--- Data excerpts Enclosed Below ---
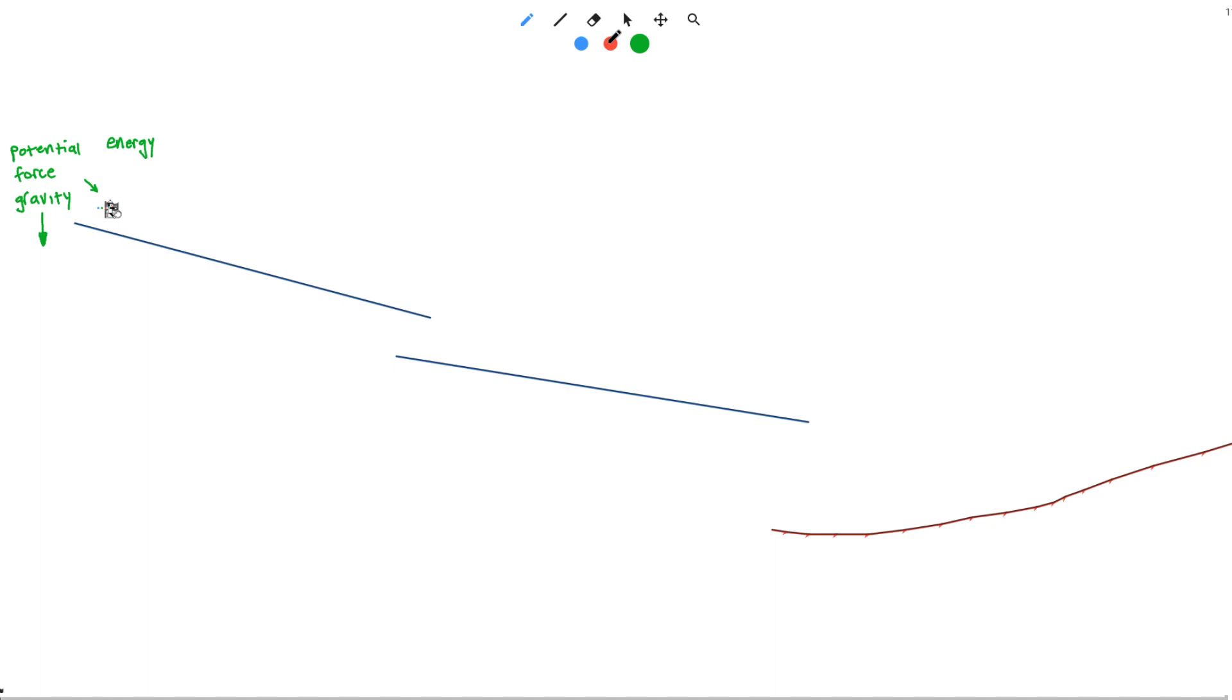potential energy, the forces acting on him, and gravity, as well as the word kinetic energy, or the energy of motion and movement.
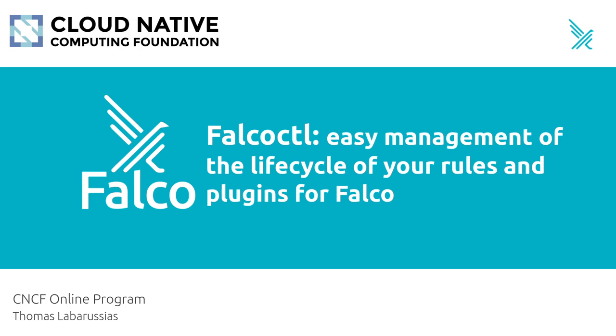Welcome to this CNCF online program. Today we are going to talk about the Falco project and more precisely about Falco CTL, a tool created by the Falco maintainers to help you with the management of Falco rules and plugins.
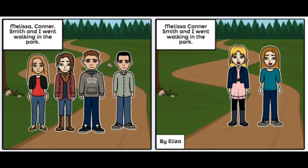And finally, part three of the HyperDoc: students were able to apply their knowledge of commas by using Storyboard That to create their own version of the book Eats, Shoots, and Leaves, which inspired the entire lesson.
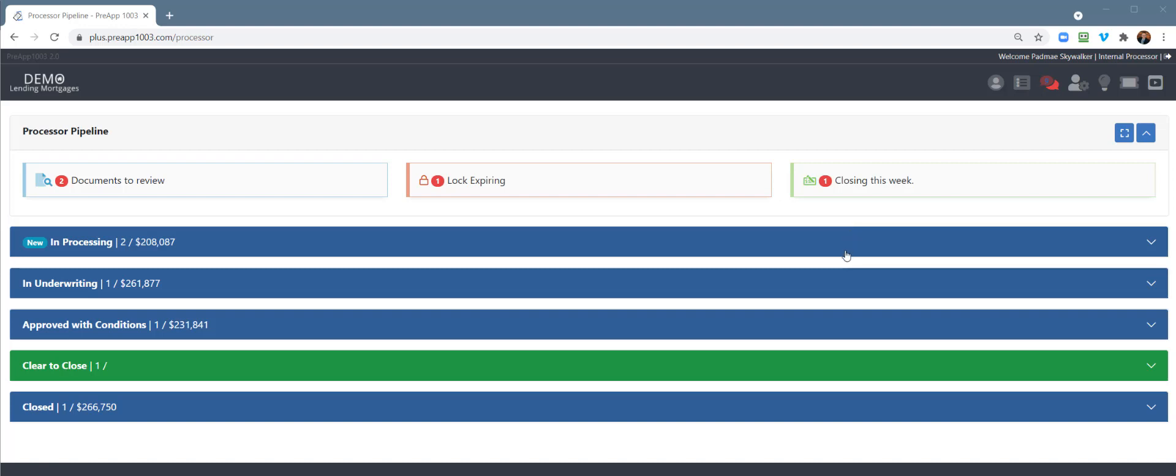Hi there, Drew Brents here. PreApp 10.03 and Broker Plus. I want to take a few minutes to talk to you about the processing pipeline processing view for your processors.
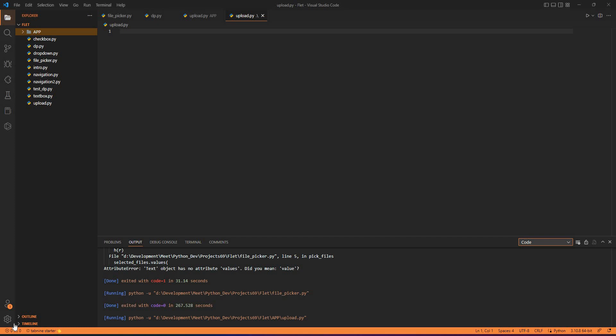Hello friends, welcome to this amazing lecture in Flet where we can visualize how to upload a file in Flet in the application itself.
--- End of Enclosed Data excerpts ---
Task brief: Give back the lines word for word, from the very first in the material above to the one that has "Hi there, Drew", both included, without the pictures.

Solution to this task:
potential energy, the forces acting on him, and gravity, as well as the word kinetic energy, or the energy of motion and movement.
Welcome to this CNCF online program. Today we are going to talk about the Falco project and more precisely about Falco CTL, a tool created by the Falco maintainers to help you with the management of Falco rules and plugins.
And finally, part three of the HyperDoc: students were able to apply their knowledge of commas by using Storyboard That to create their own version of the book Eats, Shoots, and Leaves, which inspired the entire lesson.
Hi there, Drew Brents here. PreApp 10.03 and Broker Plus. I want to take a few minutes to talk to you about the processing pipeline processing view for your processors.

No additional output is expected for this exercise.